Records excerpted from a collection:
-=-=-

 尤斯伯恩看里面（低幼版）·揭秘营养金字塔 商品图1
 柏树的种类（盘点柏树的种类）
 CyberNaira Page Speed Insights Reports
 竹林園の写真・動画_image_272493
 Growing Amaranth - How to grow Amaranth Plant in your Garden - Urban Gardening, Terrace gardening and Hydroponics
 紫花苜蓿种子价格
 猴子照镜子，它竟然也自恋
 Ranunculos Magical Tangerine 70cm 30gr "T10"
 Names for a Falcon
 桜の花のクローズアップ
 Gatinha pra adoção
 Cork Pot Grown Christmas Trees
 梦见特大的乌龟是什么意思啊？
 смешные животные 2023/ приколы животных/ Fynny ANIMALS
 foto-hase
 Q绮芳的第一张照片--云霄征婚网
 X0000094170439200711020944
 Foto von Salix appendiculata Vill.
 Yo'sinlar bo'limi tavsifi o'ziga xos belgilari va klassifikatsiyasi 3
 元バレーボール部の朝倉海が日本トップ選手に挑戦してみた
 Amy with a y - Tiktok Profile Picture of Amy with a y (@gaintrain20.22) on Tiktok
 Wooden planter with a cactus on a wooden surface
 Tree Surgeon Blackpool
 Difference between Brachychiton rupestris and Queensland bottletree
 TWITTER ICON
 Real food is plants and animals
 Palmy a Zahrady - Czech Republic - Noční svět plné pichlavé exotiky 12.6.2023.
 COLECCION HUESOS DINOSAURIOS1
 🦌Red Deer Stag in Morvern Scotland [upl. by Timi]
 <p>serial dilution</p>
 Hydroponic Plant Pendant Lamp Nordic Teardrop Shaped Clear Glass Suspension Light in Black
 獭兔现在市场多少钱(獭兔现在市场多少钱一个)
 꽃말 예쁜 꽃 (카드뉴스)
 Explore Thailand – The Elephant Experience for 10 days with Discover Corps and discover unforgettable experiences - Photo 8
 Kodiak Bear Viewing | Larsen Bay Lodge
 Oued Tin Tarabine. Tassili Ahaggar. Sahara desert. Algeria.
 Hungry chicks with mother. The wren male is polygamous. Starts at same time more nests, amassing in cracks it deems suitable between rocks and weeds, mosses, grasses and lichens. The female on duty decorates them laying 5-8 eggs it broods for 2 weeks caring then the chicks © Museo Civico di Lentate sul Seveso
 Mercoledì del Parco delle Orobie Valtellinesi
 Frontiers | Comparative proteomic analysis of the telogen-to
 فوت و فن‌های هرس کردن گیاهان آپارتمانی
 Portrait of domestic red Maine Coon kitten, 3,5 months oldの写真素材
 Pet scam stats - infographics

-=-=-

Repeat exactly the lines above from the one with "Amy with a y - Tiktok" up to and including the one with "Oued Tin Tarabine.". No other line belongs in the reply.

* **Your solution**
 Amy with a y - Tiktok Profile Picture of Amy with a y (@gaintrain20.22) on Tiktok
 Wooden planter with a cactus on a wooden surface
 Tree Surgeon Blackpool
 Difference between Brachychiton rupestris and Queensland bottletree
 TWITTER ICON
 Real food is plants and animals
 Palmy a Zahrady - Czech Republic - Noční svět plné pichlavé exotiky 12.6.2023.
 COLECCION HUESOS DINOSAURIOS1
 🦌Red Deer Stag in Morvern Scotland [upl. by Timi]
 <p>serial dilution</p>
 Hydroponic Plant Pendant Lamp Nordic Teardrop Shaped Clear Glass Suspension Light in Black
 獭兔现在市场多少钱(獭兔现在市场多少钱一个)
 꽃말 예쁜 꽃 (카드뉴스)
 Explore Thailand – The Elephant Experience for 10 days with Discover Corps and discover unforgettable experiences - Photo 8
 Kodiak Bear Viewing | Larsen Bay Lodge
 Oued Tin Tarabine. Tassili Ahaggar. Sahara desert. Algeria.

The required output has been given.